Волков: Да, тогда он был мощной фигурой.
Евтушенко: Его боялись даже Фадеев и Сурков [12] . Все его боялись. Он был дважды лауреат Сталинской премии за стихи, секретарь Союза писателей, он был секретарем парткома чего-то…
Волков: И сам себя называл автоматчиком партии.
Евтушенко: Так вот, обсуждали его книгу «После грозы». Зачем ему это надо было, я не знаю. Я, проанализировав его стихи, обнаружил, что он просто болен клептоманией! Не то что плагиат, а именно клептомания. Так я это и назвал. Я сказал про Грибачева, что он похож не на шофера, который ведет настоящую машину по настоящей дороге, а на кого-то сидящего перед нарисованными какими-то пейзажами.
12
Сурков Алексей Александрович (1899–1983) – русский советский поэт, литературный критик, общественный деятель; в описываемый период первый секретарь Союза писателей СССР.
Волков: Фальшак.
Евтушенко: Да. Может быть, я спутаю цитаты, потому что по памяти сейчас цитирую… Ну, предположим, у Пастернака были такие строчки: «Кавказ был весь как на ладони / И весь как смятая постель, / И лед голов синел бездонней / Тепла нагретых пропастей». Это Пастернак. Грибачев: «Кавказ был весь передо мною / и весь как смятая кровать».
Дальше! Сейчас я могу ошибиться, где Багрицкий, где Грибачев, ну один вариант такой: «Апрель уже в намеке / чуть бледноватых звезд. / На тополь кривобокий / слетает первый клест», – не помню, кто из них кто. И другой: «Весна уже в намеке / холодноватых звезд. / На явор чернобокий / садится первый дрозд» – понятно, да?
Волков: Да-а.
Евтушенко: Я показал всё это, процитировав, и сказал, что перед нами – предмет поэтической клептомании. Этого человека нельзя обвинить в плагиате даже. Но дело в том, что именно этих авторов, у которых он заимствует их образы, он и разоблачает как поэтов.
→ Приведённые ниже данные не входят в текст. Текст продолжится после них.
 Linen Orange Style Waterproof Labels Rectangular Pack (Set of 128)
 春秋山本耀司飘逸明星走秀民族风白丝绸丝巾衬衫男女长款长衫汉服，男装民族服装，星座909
И поносит все время. И употребляет дубинку против них. И против того же Пастернака, и против того же Багрицкого. И надо все-таки иметь чувство благодарности, если ты кому-то подражаешь – волей или неволей – или что-то заимствуешь… Короче говоря, забавно разобрал, люди хохотали. Но, конечно, и потрясены были, что совсем ведь мальчик (я пришел, кстати, в собственноручно вышитой крестиком украинской рубашке) – и такое первое выступление в Союзе писателей! Ко мне подходили, оглядываясь, чтоб никто не видел, жали руки. «Мы его все, – говорят, – боимся, а ты молодец!» Вдобавок через несколько дней в «Правде» появляется статья с разгромом этой книжки Грибачева. Это в принципе немыслимо было представить!
Волков: А может быть, что кто-то из высокого начальства услышал ваше выступление?
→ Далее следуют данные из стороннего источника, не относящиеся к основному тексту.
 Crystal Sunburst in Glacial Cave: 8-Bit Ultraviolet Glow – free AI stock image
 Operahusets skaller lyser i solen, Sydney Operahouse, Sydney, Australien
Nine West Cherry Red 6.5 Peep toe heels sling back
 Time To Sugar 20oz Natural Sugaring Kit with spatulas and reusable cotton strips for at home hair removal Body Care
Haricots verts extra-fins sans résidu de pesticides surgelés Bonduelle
Евтушенко: Конечно, так оно и было. Или это было следствием слухов о моем выступлении. Про меня тогда и пошел слух, мол, не может быть, чтобы за спиной этого человека никто не стоял. А кто мог стоять? Только Сталин. Потому что никакие фадеевы не могли бы себе по отношению к Грибачеву такого позволить. Но это безусловно понравилось Фадееву.
Волков: А может, и Сталину?
Евтушенко: Этого я не знаю. Насчет Сталина – не знаю. Но Сурков мне шепнул однажды на ходу: «Ух ты, – говорит, – какой! Смотри-ка!» Хотя позднее мне предстояло с ним схватиться тоже. И уже потом я приучил их к тому, что могу говорить такие вещи, которые никто не говорил. Как будто я на это имею право. Как будто мне кто-то покровительствует – может быть, и Сталин. То есть я вел себя как человек, который знает, что делает.
Волков: А это был блеф, значит?
Евтушенко: Ну какой блеф! Я не блефовал. Я не притворялся, я вел себя так по наивности.
Волков: Это же поступок камикадзе – в тот момент напасть на Грибачёва!
Евтушенко: Да не понимал я этого!
Волков: Неужели вы были такой наивный, Евгений Саныч?
Евтушенко: Ну, таким уж наивным не был, но я не был и таким уж опытным. Просто пришел с улицы мальчишка…
Волков: Поразительная ситуация, уникальная! С трудом верится.